For instance, surely every school board in Canada or the United States has cited a recommendation from some prominent medical group to back its decision to either have children return to school in the weeks ahead, or continue learning strictly remotely from home.

In a way, medical experts are akin to pro-sports GMs.

Just as no one in football, hockey, baseball or basketball knows more about potential draftees than the GMs — going back to why some prospect might have got into trouble in grade school — in the end, on draft day, they’re still guessing. Their guesses are more educated than ours, but they’re guessing just the same. That’s why the number of quarterbacks selected in Round 1 of the NFL draft in the decade just concluded that did not pan out outnumbered those that did.

Similarly, if you’ll pardon this further aside, all the medical experts we see on TV, or learn about in the news such as the conference medical experts above, in the end — as well-intentioned as they are — are merely guessing as to the best course of action.

For proof of that, see famed Dr.
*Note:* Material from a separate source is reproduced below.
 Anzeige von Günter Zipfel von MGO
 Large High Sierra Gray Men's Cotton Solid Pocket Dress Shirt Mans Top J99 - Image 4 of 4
Anthony Fauci, who just seven months ago said COVID-19 wasn’t anything to worry about, and who just four months ago said there was no need for the widespread wearing of protective face coverings, something Canadian health leaders also said at the time. Well, facts and knowledge changed; those medical folks rightly adjusted.

Look, the only people sure about what should have been done regarding COVID-19 weeks or months ago have some deep-seeded political axe to grind. The rest of us live in the real world.

Anyway, back to football. Colleges aside, what about the NFL?

It’s still full steam ahead for that pro league.

The NFL on Tuesday underscored its intention to play a full 17-week regular-season schedule and usual post-season playoffs, culminating with Super Bowl LV on Feb. 7 at Raymond James Stadium in Tampa, Fla.

“We’re very confident in our (COVID-19) protocols, and focused on a season that … starts and ends as scheduled,” Peter O’Reilly, the league’s executive VP for club business and league events, told reporters on a video conference call, per TheAthletic.com.

“That said, obviously, we are about being flexible and being adaptable. We’ve lived that. Everybody has had to live that over these recent months, and we are no exception to that.”

Indeed, facts and knowledge about COVID-19 and how it might affect a couple thousand cloistered, grown men in fabulous physical condition who soon will be routinely slobber-knocking spit into one another’s faces are sure to change.

Continually.

Everything’s fluid, folks. As we’ve all had to get used to since March.